The cyber attack that led to operations and appointments being cancelled at NHS Lanarkshire was another "ransomware" case.
The malicious software has been identified as a programme called Bitpaymer, a new type of ransomware which was able to get past existing security measures.
Bitpaymer locks away files and demands payments in Bitcoins, an online currency, to unlock them.
It also threatens to release files if the payment is not received but NHS Lanarkshire said it had no reports this had happened.
Another ransomware program, Wanna Decryptor, affected organisations around the world in May including NHS Lanarkshire.
IT experts discovered Bitpaymer on the computer network on Friday afternoon, with a "small number" of hospital operations and GP appointments cancelled as a result.
All of the affected systems have now been restored, the health board said.
Chief executive Calum Campbell said: "We quickly identified the source of the malware and investigations are ongoing as to how this was able to infiltrate our network.

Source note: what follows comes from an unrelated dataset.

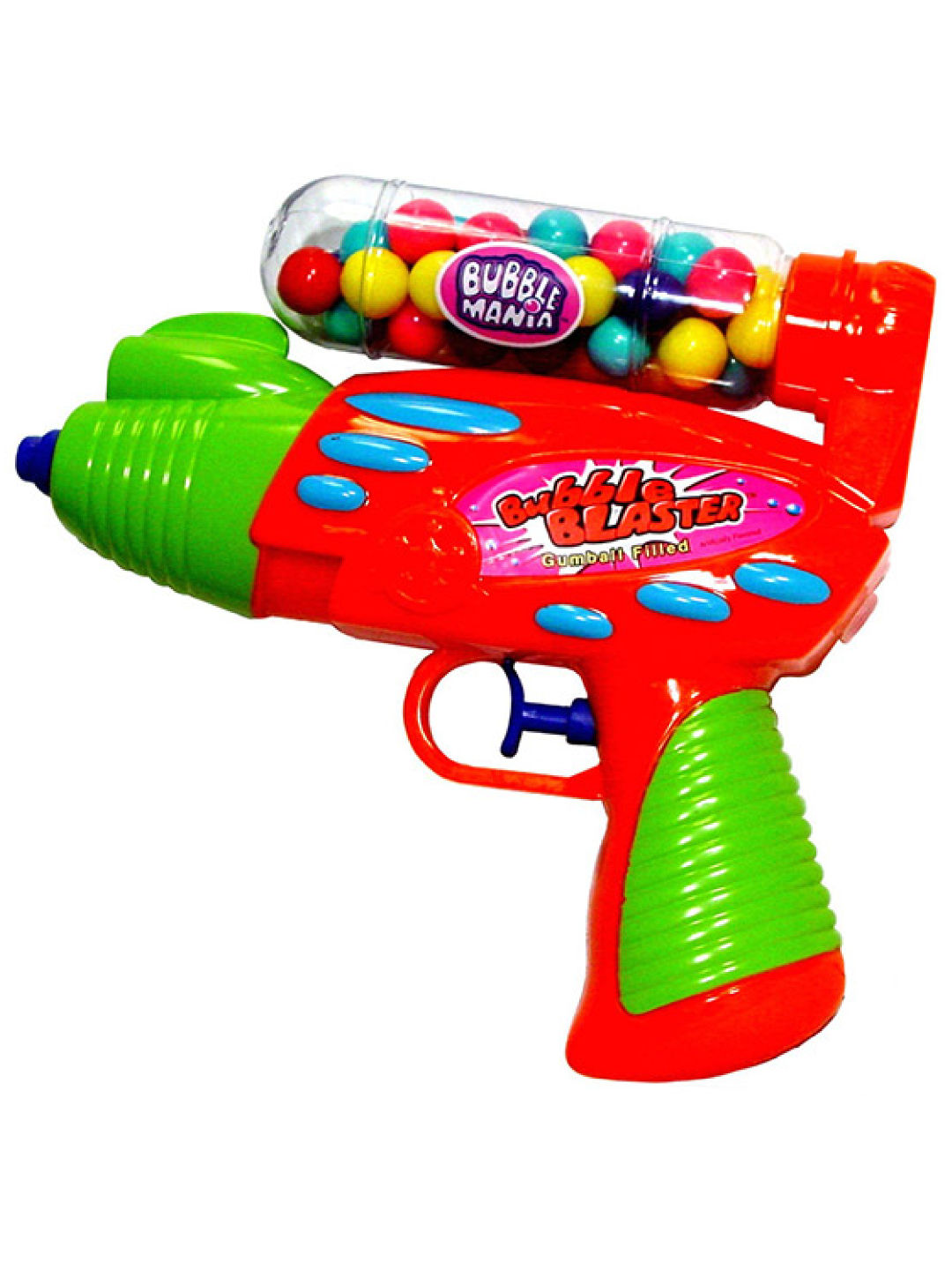Kidsmania Candy Corner Water Gun Toy with Candy (Assorted Color)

"Our staff have worked hard to minimise the impact on patients and our contingency plans have ensured we have been able to continue to deliver services while the IT issues were resolved.

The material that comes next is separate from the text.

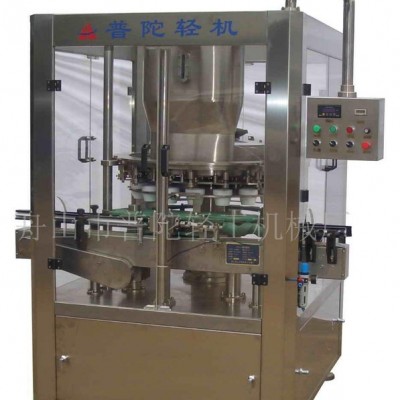 颗粒灌装机  八宝粥灌装机 玉米、青豆灌装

"A small number of systems were affected with the majority restored over the weekend and the remainder on Monday."
He continued: "Unfortunately a small number of procedures and appointments were cancelled as a result of the incident.
"I would like to apologise to anyone who has been affected by this disruption. We immediately started work to reappoint patients to the earliest possible appointments.

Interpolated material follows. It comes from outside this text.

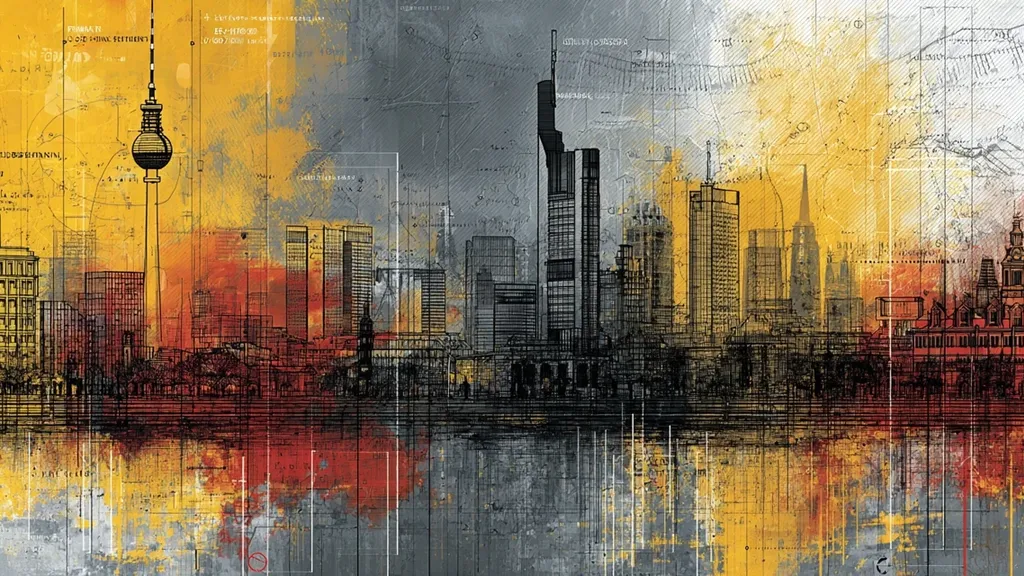 Berlin Globaler Dialog: Ein Neuer Weg für Deutschlands Wirtschaftsgeschichte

"The malware was identified as a new variant of Bitpaymer."
He added: "We are investigating how it infiltrated our network with our IT security providers.
"Our security software and systems were up to date with the latest signature files, but as this was a new malware variant the latest security software was unable to detect it.
"Following analysis of the malware our security providers issued an updated signature so that this variant can now be detected and blocked."
NHS Lanarkshire serves a population of more than 650,000 people and is Scotland's third-largest health board.